Formally, the problem of estimating the maximum of a discrete uniform distribution from sampling without replacement
Named due to WW2 - Allies wanted to estimate the total number of German Tanks from the serial numbers of captured tanks.
Reasoning relies on the mediocrity principle: Very unlikely that a random sample of the serial numbers would all be clustered at the end or the beginning of the set of numbers.

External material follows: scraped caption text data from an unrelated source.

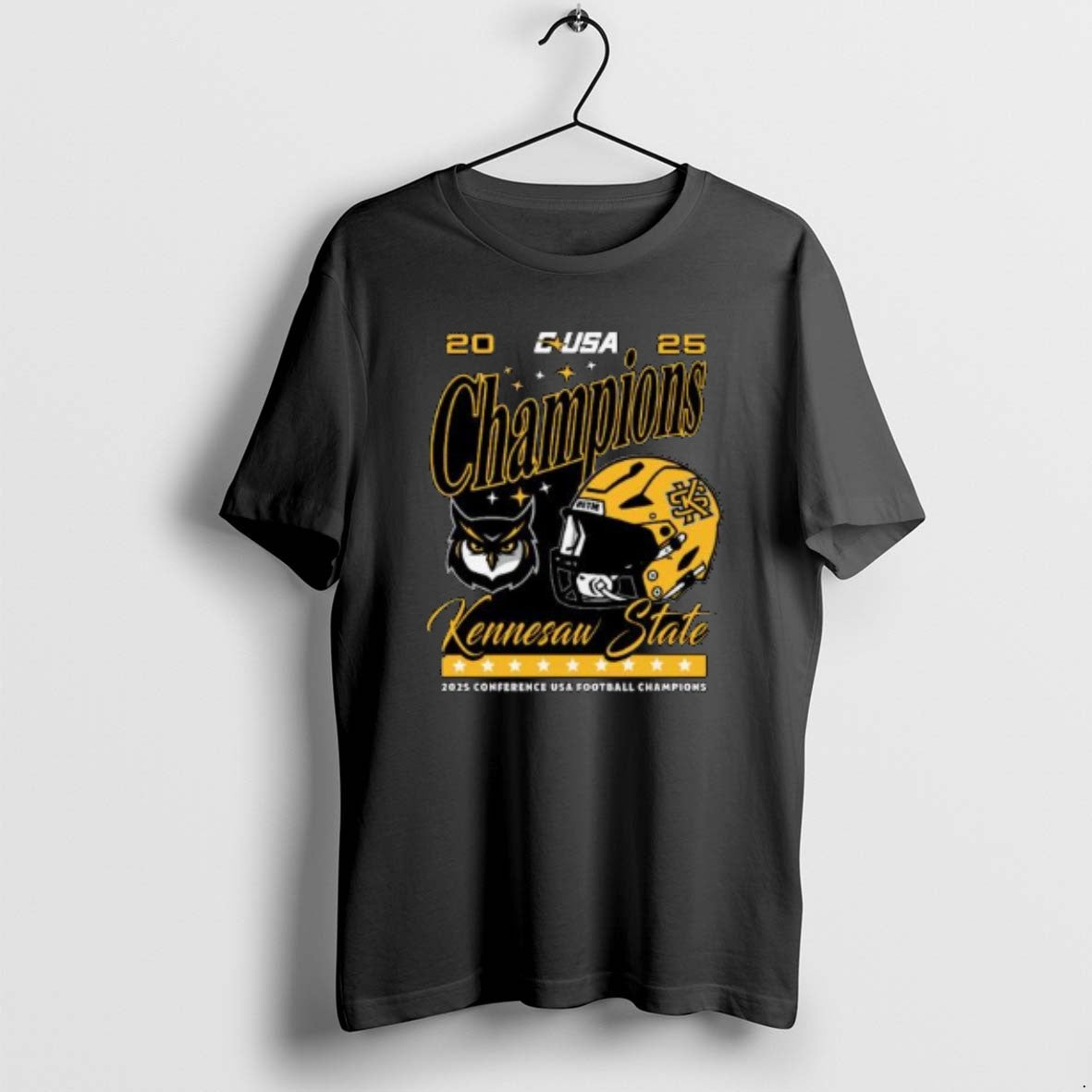 Official Ksu Conference Champions 2025 C Usa Football Owl And Helmel Circle Black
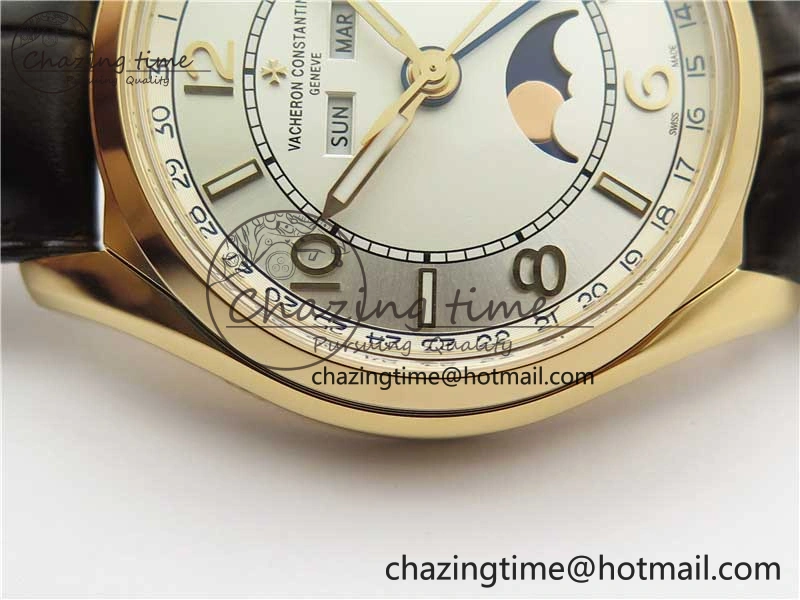 Fiftysix Complete Calendar RG 40mm ZF 1:1 Best Edition White Dial on Brown Leather Strap A2460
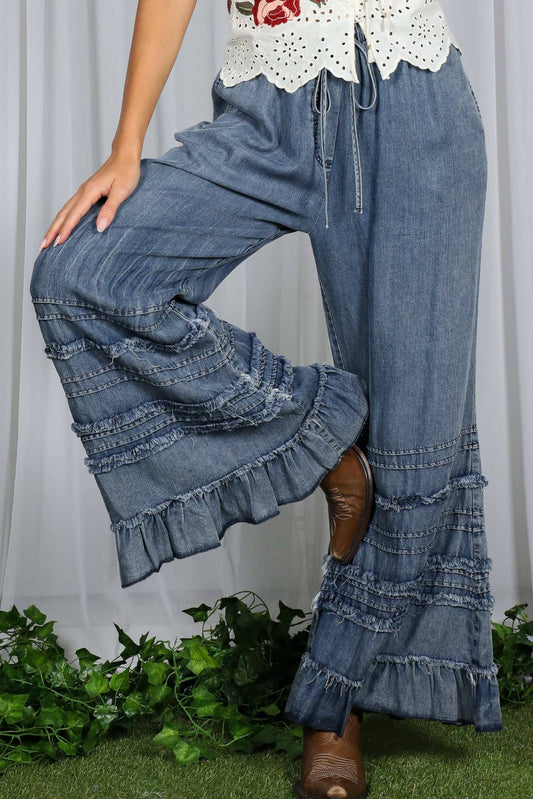 Flared Ruffle Denim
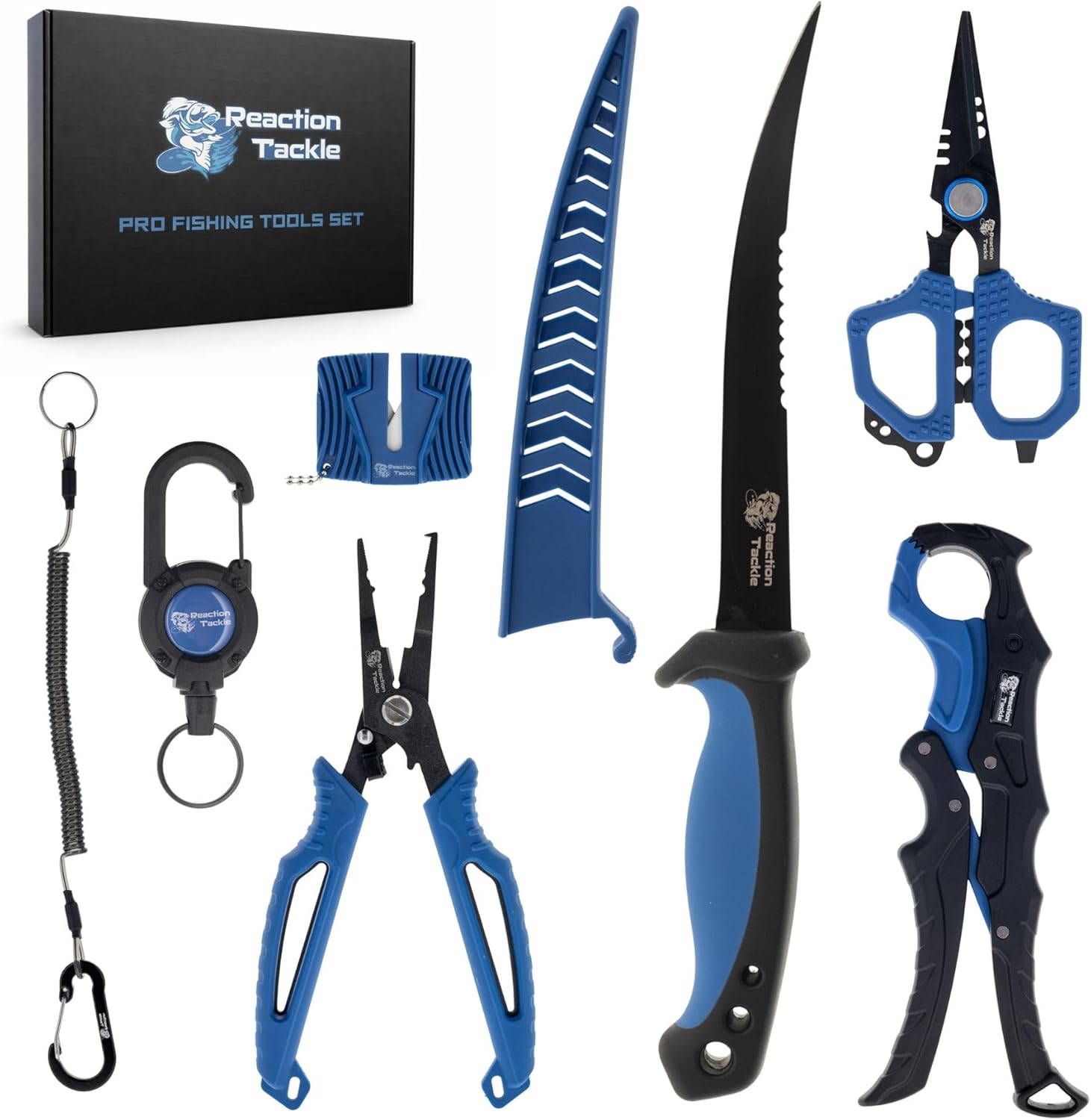 Reaction Tackle 7pc Fishing Tool Kit with Fillet Knife & Sharpener – Stainless Steel Fishing Pliers, Braid Scissors, Floating Fish Lip Gripper, Hook Remover, Lanyard – Freshwater & Saltwater Gear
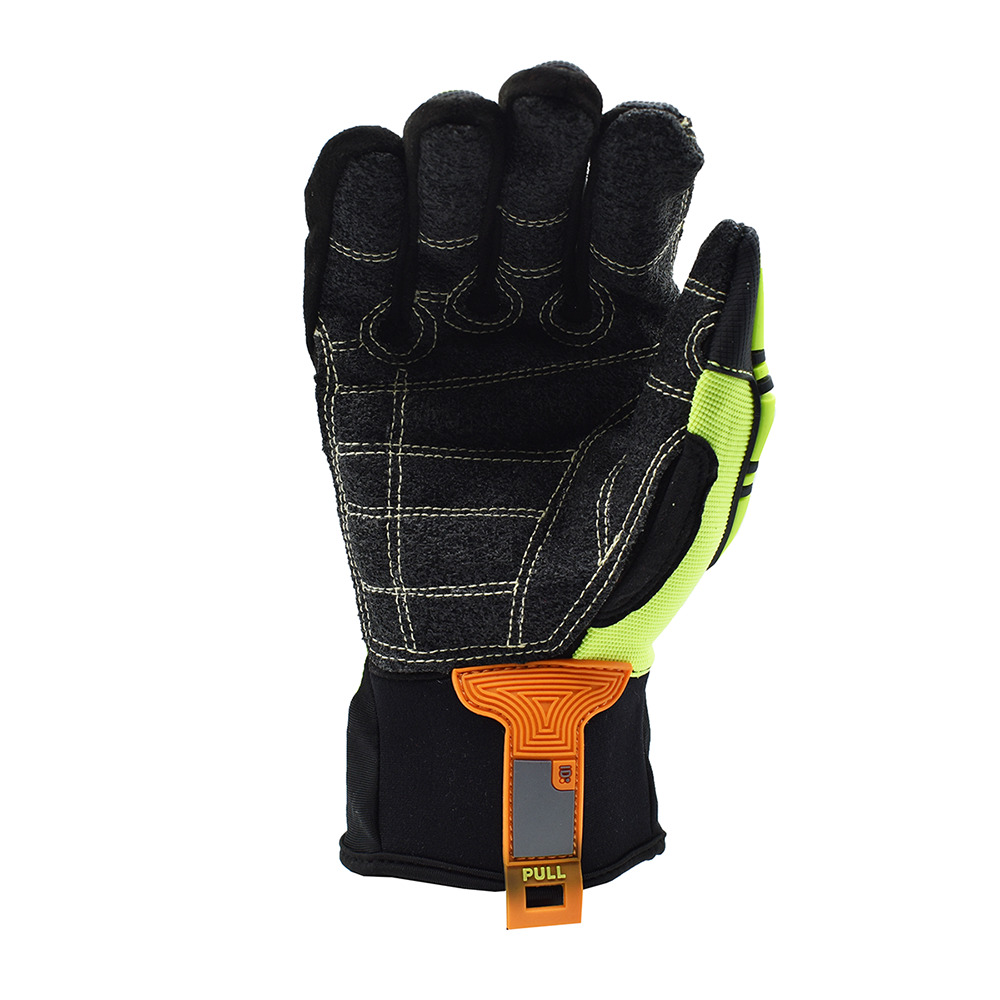 OGRE-KV™ Hi Vis Synthetic Leather Gloves with TPR Fingers + Neoprene Cuff, 1 pair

Has also been used to estimate iPod and Commodore 64 production - you can use it with random user ID's to estimate traffic to websites etc.
obs<-c(2,6,7,14)
m<-max(obs)
k<-length(obs)
freqN<-m+(m/k)-1
freqN
[1] 16.5
lowconfinv<-m/(0.975^(1/k))
highconfinv<-m/(0.025^(1/k))
paste0("[",format(lowconfinv,digits=5),",",
format(highconfinv,digits=5),"]")
[1] "[14.089,35.208]"
Point estimate with confidence intervals.
obs<-c(2,6,7,14)
m<-max(obs)
k<-length(obs)
bayesMean<-(m-1)*((k-1)/(k-2))
bayesSD<-sqrt(((k-1)*(m-1)*(m-k+1))
/((k-3)*((k-2)^2)))
paste0(format(bayesMean,digits=5),"±",
format(bayesSD,digits=5))
[1] "19.5±10.356"
Can estimate probability distribution - only computed parameters here as computing plot of distribution can be computationally intensive.